In ihrer Krisensitzung entschieden die EZB-Räte, die Notfallkredite für griechische Banken aufrecht zu erhalten. Das Programm bleibt bei knapp 90 Milliarden Euro gedeckelt. Diese Ela-Notkredite („Emergency Liquidity Assistance“) sind seit Monaten die einzige Geldquelle der griechischen Banken. Dreht die EZB diesen Geldhahn zu, ist eine Pleite der Kreditinstitute nach Einschätzung von Ökonomen nicht mehr abzuwenden. Kritiker sind längst der Ansicht, über Ela würden marode Banken künstlich am Leben gehalten, die EZB müsse diese Gelder daher stoppen.

„Tagesration“ von 60 Euro

Nicht nur vor den Wahllokalen in Griechenland hatten die Menschen am Sonntag Schlange gestanden, sondern auch vor den Geldautomaten der seit einer Woche geschlossenen Banken. Sie wollten dort ihre „Tagesration“ von 60 Euro abheben. Auf diesen Höchstbetrag sind Auszahlungen seit Montag vergangener Woche gedeckelt. Wie am Montag bekannt wurde, bleiben die griechischen Banken noch bis Mittwoch geschlossen. Für zusätzliche Unruhe unter den Menschen sorgte am Wochenende das Eingeständnis der Präsidentin des griechischen Bankenverbands, Louka Katseli, das Liquiditätspolster der Banken reiche nicht mehr lange. Wenn bald kein frisches Geld fließt, seien die Automaten leer. Ohne die Einführung der Kapitalverkehrskontrollen, mit denen Abhebungen begrenzt und Auslandsüberweisungen praktisch verboten wurden, wären die griechischen Banken bereits am Ende.

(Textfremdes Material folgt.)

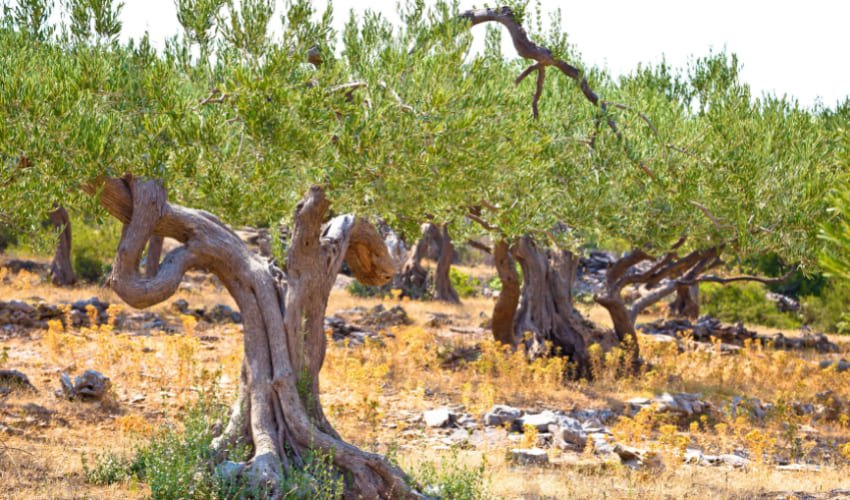 Des vieux oliviers dans la campagne autour du village de Skrip.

Auch von politischer Seite gab es die Forderung, die Ela-Kredite nicht zu kappen. „Derzeit gibt es ein Niveau an Liquidität, das nicht verringert werden kann“, sagte Frankreichs Finanzminister Michel Sapin. Allerdings entscheide die EZB in völliger Unabhängigkeit, fügte er hinzu. Die Hilfen summieren sich auf 88,8 Milliarden Euro. Das entspricht fast 50 Prozent des griechischen Bruttoinlandsprodukts.

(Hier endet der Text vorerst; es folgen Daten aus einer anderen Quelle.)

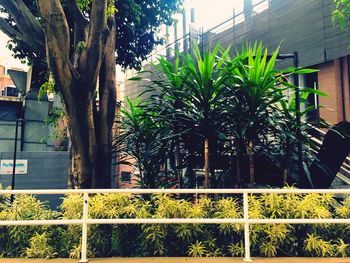 Trees and plants growing outside building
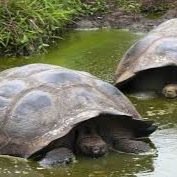 hilsbr's profile picture. 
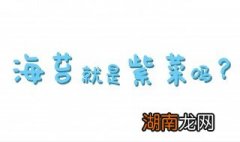 海苔由哪种海藻制作而成 海苔由哪种海藻制成的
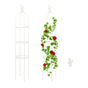 Gardening Climbing Vine Plant Climbing Vine Trellis for Climbing Plants V1294-YM0512-221116YA01-4
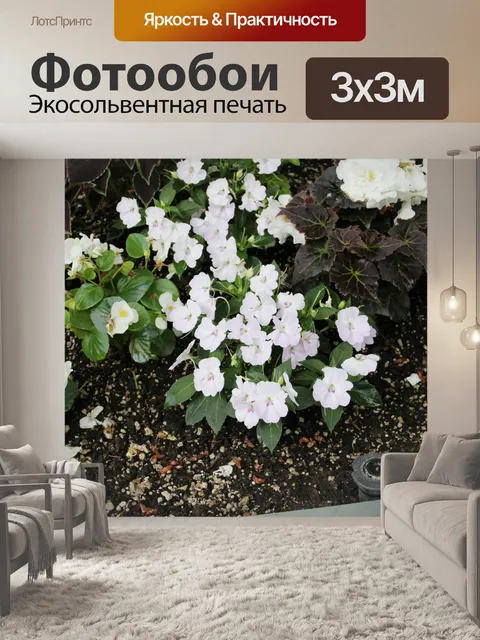 Фотообои Белые цветы 2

Doch die Ela-Kredite sind umstritten. Kritiker sehen darin eine versteckte Staatsfinanzierung, die der EZB verboten ist. Meinungsverschiedenheiten gibt es im EZB-Rat auch darüber, ob die Sicherheiten, die Griechenlands Banken für die Notkredite hinterlegen, niedriger bewertet werden müssten, seit das Land am 30. Juni gegenüber dem Internationalen Währungsfonds seine Zahlungen einstellte. Frisches Bargeld, das wohl aus Frankfurt eingeflogen werden müsste, könnte die akuten Liquiditätsengpässe der Institute zwar lindern. Aber es gibt ein weiteres Problem: Die vier systemrelevanten griechischen Banken brauchen neues Kapital. Vor allem die Rückstellungen für wachsende Kreditausfälle zehren am Kapital.

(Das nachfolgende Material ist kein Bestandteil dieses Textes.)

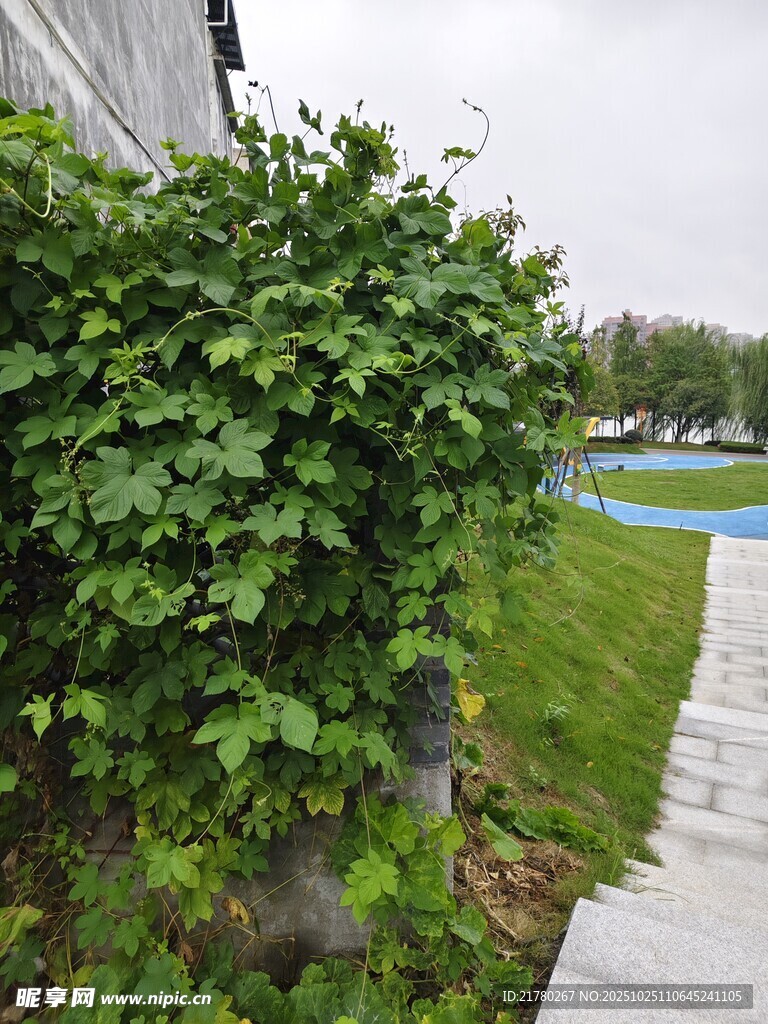墙边翠绿藤蔓植物景观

Zwangsabgabe auf Einlagen über 100.000 Euro

Im zweiten, 2012 geschnürten Griechenland-Rettungspaket waren für die Rettung der griechischen Banken 50 Milliarden Euro vorgesehen. Davon wurden 10,9 Milliarden Euro bisher nicht abgerufen. Diese Gelder stehen allerdings seit vergangener Woche nicht mehr zur Verfügung – sie verfielen, als am 30. Juni das Hilfsprogramm auslief. Dass sich private Investoren finden, die jetzt den griechischen Banken das benötigte Kapital zuschießen, ist sehr unwahrscheinlich.

Die Euro-Staaten dürften es jedoch zur Bedingung machen, dass die griechischen Einleger mit einer Zwangsabgabe auf ihre Guthaben an den Kosten der Bankenrettung beteiligt werden – wie 2013 in Zypern. Dort wurden Einlagen von über 100 000 Euro mit einer Zwangsabgabe von rund 50 Prozent herangezogen. Die Einleger bekamen für ihr Geld weitgehend wertlose Aktien. Die Regierung versichert seit Tagen, die Einlagen seien nicht in Gefahr. Zwar sind Guthaben bis zu 100 000 Euro versichert. Aber im Ernstfall ist dieses Versprechen wenig wert. Der für den Fall von Insolvenzen von den Banken gebildete Einlagensicherungsfonds enthält nach Angaben aus Branchenkreisen nur etwa drei Milliarden Euro. Die Einlagen belaufen sich dagegen auf 122 Milliarden Euro.